CAIE P2 (Pure Mathematics 2) 2005 November

1 Solve the inequality \(( 0.8 ) ^ { x } < 0.5\).

2 The polynomial \(x ^ { 3 } + 2 x ^ { 2 } + 2 x + 3\) is denoted by \(\mathrm { p } ( x )\).

1. Find the remainder when \(\mathrm { p } ( x )\) is divided by \(x - 1\).
2. Find the quotient and remainder when \(\mathrm { p } ( x )\) is divided by \(x ^ { 2 } + x - 1\).

3

1. Express \(12 \cos \theta - 5 \sin \theta\) in the form \(R \cos ( \theta + \alpha )\), where \(R > 0\) and \(0 ^ { \circ } < \alpha < 90 ^ { \circ }\), giving the exact value of \(R\) and the value of \(\alpha\) correct to 2 decimal places.
2. Hence solve the equation $$12 \cos \theta - 5 \sin \theta = 10$$ giving all solutions in the interval \(0 ^ { \circ } \leqslant \theta \leqslant 360 ^ { \circ }\).

4 The equation of a curve is \(x ^ { 3 } + y ^ { 3 } = 9 x y\).

1. Show that \(\frac { \mathrm { d } y } { \mathrm {~d} x } = \frac { 3 y - x ^ { 2 } } { y ^ { 2 } - 3 x }\).
2. Find the equation of the tangent to the curve at the point ( 2,4 ), giving your answer in the form \(a x + b y = c\).

5

1. By sketching a suitable pair of graphs, show that there is only one value of \(x\) that is a root of the equation $$\frac { 1 } { x } = \ln x$$
2. Verify by calculation that this root lies between 1 and 2 .
3. Show that this root also satisfies the equation $$x = \mathrm { e } ^ { \frac { 1 } { x } }$$
4. Use the iterative formula $$x _ { n + 1 } = \mathrm { e } ^ { \frac { 1 } { x _ { n } } }$$ with initial value \(x _ { 1 } = 1.8\), to determine this root correct to 2 decimal places. Give the result of each iteration to 4 decimal places.

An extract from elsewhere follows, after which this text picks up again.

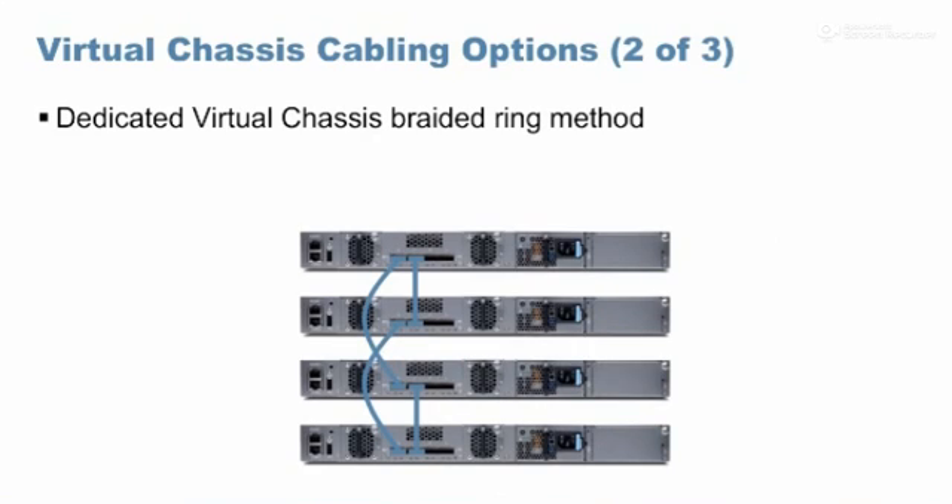Say you have already purchased five-meter DAC cables, but the first switch and last switch are fixed at six meters apart. In a daisy chain ring, you must connect the first and last switch directly, and you don't have a six-meter cable. In that case, we go with the brighter ring mechanism. The brighter ring works with even numbers of switches only.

6 A curve is such that \(\frac { \mathrm { d } y } { \mathrm {~d} x } = \mathrm { e } ^ { 2 x } - 2 \mathrm { e } ^ { - x }\). The point \(( 0,1 )\) lies on the curve.

1. Find the equation of the curve.
2. The curve has one stationary point. Find the \(x\)-coordinate of this point and determine whether it is a maximum or a minimum point.

7
\includegraphics[max width=\textwidth, alt={}, center]{d527d21f-0ab5-40fa-8cfd-ebfb4aba0a87-3_493_863_264_641} The diagram shows the part of the curve \(y = \sin ^ { 2 } x\) for \(0 \leqslant x \leqslant \pi\).

1. Show that \(\frac { \mathrm { d } y } { \mathrm {~d} x } = \sin 2 x\).
2. Hence find the \(x\)-coordinates of the points on the curve at which the gradient of the curve is 0.5 . [3]
3. By expressing \(\sin ^ { 2 } x\) in terms of \(\cos 2 x\), find the area of the region bounded by the curve and the \(x\)-axis between 0 and \(\pi\).